** Exercise requirements **
For the records below, print the lines from the line with "１２月&今年の太陽光発電の結果⚡" through the line with "Clusters of blue" exactly as written; include both end lines and exclude the rest.

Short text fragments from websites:
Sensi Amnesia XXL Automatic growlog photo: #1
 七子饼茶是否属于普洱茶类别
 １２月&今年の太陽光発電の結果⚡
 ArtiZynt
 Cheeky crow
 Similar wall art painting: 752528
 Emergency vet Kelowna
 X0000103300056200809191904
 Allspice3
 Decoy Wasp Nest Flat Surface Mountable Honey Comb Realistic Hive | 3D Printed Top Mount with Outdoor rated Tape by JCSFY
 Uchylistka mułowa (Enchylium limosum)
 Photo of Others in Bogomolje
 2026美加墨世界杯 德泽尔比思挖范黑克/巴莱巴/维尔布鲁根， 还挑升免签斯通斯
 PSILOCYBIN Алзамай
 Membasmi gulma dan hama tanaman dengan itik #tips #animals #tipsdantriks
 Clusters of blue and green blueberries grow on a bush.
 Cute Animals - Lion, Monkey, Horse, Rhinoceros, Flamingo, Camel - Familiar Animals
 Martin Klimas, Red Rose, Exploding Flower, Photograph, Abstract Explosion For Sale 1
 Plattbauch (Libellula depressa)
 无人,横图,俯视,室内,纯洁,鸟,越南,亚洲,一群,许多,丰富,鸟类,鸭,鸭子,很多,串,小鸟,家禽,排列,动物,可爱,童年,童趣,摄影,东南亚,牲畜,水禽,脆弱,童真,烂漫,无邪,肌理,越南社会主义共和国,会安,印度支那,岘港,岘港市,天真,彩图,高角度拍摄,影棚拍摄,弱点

** Finished exercise **
 １２月&今年の太陽光発電の結果⚡
 ArtiZynt
 Cheeky crow
 Similar wall art painting: 752528
 Emergency vet Kelowna
 X0000103300056200809191904
 Allspice3
 Decoy Wasp Nest Flat Surface Mountable Honey Comb Realistic Hive | 3D Printed Top Mount with Outdoor rated Tape by JCSFY
 Uchylistka mułowa (Enchylium limosum)
 Photo of Others in Bogomolje
 2026美加墨世界杯 德泽尔比思挖范黑克/巴莱巴/维尔布鲁根， 还挑升免签斯通斯
 PSILOCYBIN Алзамай
 Membasmi gulma dan hama tanaman dengan itik #tips #animals #tipsdantriks
 Clusters of blue and green blueberries grow on a bush.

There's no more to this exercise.